This invention is concerned with the delivery of cryogenic liquids by way of a cryogenic subcooler system.
Cryogens, such as liquid oxygen (LOX), are stored in well-insulated storage vessels, generally at atmospheric pressure. Although the liquid remains at its normal cryogenic temperature, heat leaking into the storage tanks causes product loss through boil-off. Sometimes, if the tanks are not vented, the heat will be retained by the liquid, but with an increase in pressure. The stored heat will be released when the liquid is vented to atmospheric pressure during transfer of the liquid from the storage vessels. Transfer piping, hoses, valves, and other components of the transfer system, when not in use, also absorb a quantity of heat dependent upon the ambient temperature, as may the vessels that are to receive cryogenic liquid from the storage vessels.
When cryogenic liquid is exposed to these warm components, it is heated immediately and begins to boil, i.e., it rapidly changes from a liquid to a vapor. One volume of LOX, for example, expands to 860 volumes of vapor. This phenomenon is a serious obstacle to the efficient transfer of cryogenic liquids from storage vessels, particularly when the transfer of intermittent and at low flow rates. As a liquid, a cryogen may be transferred with ease, but when it "flashes" to vapor, because of the heat in the transfer lines, etc., the extreme change in volume "chokes" the flow. If the choking vapors can be rapidly removed, however, the transfer system can be cooled to cryogenic temperatures rapidly and thus establish liquid flow without boiling.
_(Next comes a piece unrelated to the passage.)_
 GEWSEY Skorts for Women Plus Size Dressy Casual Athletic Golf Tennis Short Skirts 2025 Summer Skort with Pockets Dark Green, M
Liquid cryogen delivery systems have heretofore been proposed that are intended to deliver cryogenic liquids (essentially free of vapor) to a use point intermittently and at low flow rates. One such system is disclosed in U.S. Pat. No. 4,296,610 to Davis, issued Oct. 27, 1981. This sytem employs a technique known as "subcooling", in which a cooling unit is provided adjacent to the use point for not only cooling cryogen so as to condense the vapor but also to further "subcool" the liquid to a temperature at which the equilibrium vapor pressure is less than the pressure of the liquid. The system of the Davis patent employs a subcooler that is an insulated vessel with a heat exchanger therein. Valves are employed to adjust the flow of cryogen from the heat exchanger during offperiods (when no liquid is to be delivered) to a low value just sufficient to completely absorb the heat added through heat leaks downstream of the subcooler, thereby vaporizing the cryogen so that essentially no liquid cryogen reaches the use point, and to adjust the flow to a higher value during on-periods (when delivery of liquid is desired) so that cryogen is delivered to the use point essentially free of vapor.